Learn About Hadoop-based Data Lakes

Oracle Big Data Service provides a Hadoop stack that includes Apache Ambari, Apache Hadoop, Apache HBase, Apache Hive, Apache Spark, and other services for working with and securing big data.

Big Data Service makes it simple for enterprises to move workloads to the cloud and ensures compatibility with on-premises solutions. It enables moving data into Object Storage to save on costs and to decouple compute resources from storage. You can access BDS using the OCI Console, OCI CLI, REST APIs, or SDKs. You get full access to customize what is deployed on your BDS clusters.

Oracle Cloud SQL is an available add-on service that enables you to initiate Oracle SQL queries on data in HDFS, Kafka, and Object Storage. Any user, application, or analytics tool can work with data stores to minimize data movement and speed up queries. BDS operates with Data Integration, Data Science, and other analysis services. Developers can access data using Oracle SQL. Enterprises can eliminate data silos and ensure that data lakes are not isolated from other corporate data sources.

About Data Lakehouse

The Oracle Lakehouse pattern combines the best elements from data warehouses and data lakes. It provides an integrated platform of multiple Oracle cloud services working together with easy movement of data, unified governance, and offers the ability to use the best open source and commercial tools based on your use cases and preferences.
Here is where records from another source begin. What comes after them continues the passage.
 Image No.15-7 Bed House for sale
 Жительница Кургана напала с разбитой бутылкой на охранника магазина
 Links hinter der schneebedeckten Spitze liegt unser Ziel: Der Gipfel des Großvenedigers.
Description of data-lake-house.png follows

Description of the illustration data-lake-house.png

Key elements of Oracle Lakehouse pattern include

Integration of data warehouse and data lake patterns.
Elimination of data silos – easy movement of data between warehouse and lake as needed.
Unified metadata and governance.
Support for popular open source and commercial tools.
Support for a wide variety of data sources, data formats, and data types (structured, semi-structured, and unstructured)
Support for diverse data consumers and workloads including big data analytics, SQL and BI, data science, and machine learning across all industries.

Key services in the platform that are used in this playbook include:

Big Data

Oracle Big Data provides clusters with a Hadoop environment. Big Data simplifies the process of making Hadoop clusters both highly available and secure. Based on Oracle's best practices, Big Data implements high availability and security, and reduces the need for advanced Hadoop skills. Big Data offers the commonly used Hadoop components making it simple for enterprises to move workloads to the cloud and ensures compatibility with on-premises solutions.

Data Catalog

Oracle Cloud Infrastructure Data Catalog is a fully managed, self-service data discovery and governance solution for your enterprise data. Data Catalogs are essential to an organization's ability to search and find data to analyze. They help data professionals discover data and support data governance.
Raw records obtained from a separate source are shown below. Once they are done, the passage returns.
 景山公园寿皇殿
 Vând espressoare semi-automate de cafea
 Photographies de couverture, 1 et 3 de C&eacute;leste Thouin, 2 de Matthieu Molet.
Use Data Catalog as a single collaborative environment to manage technical, business, and operational metadata. You can harvest technical metadata from a wide range of supported data sources that are accessible using public or private IP addresses. You can organize, find, access, understand, enrich, and activate this metadata. Utilize on-demand or schedule-based automatic harvesting to ensure the data catalog always has up-to-date information. You benefit from all of the security, reliability, performance, and scale of Oracle Cloud.

Data Flow

Oracle Cloud Infrastructure Data Flow is a fully managed service for running Apache Spark applications. Data Flow applications are reusable templates consisting of a Spark application, its dependencies, default parameters, and a default runtime resource specification. You can manage all aspects of Data Flow and the application development lifecycle, tracking and executing Apache Spark jobs using the REST APIs through the API Gateway and available functions.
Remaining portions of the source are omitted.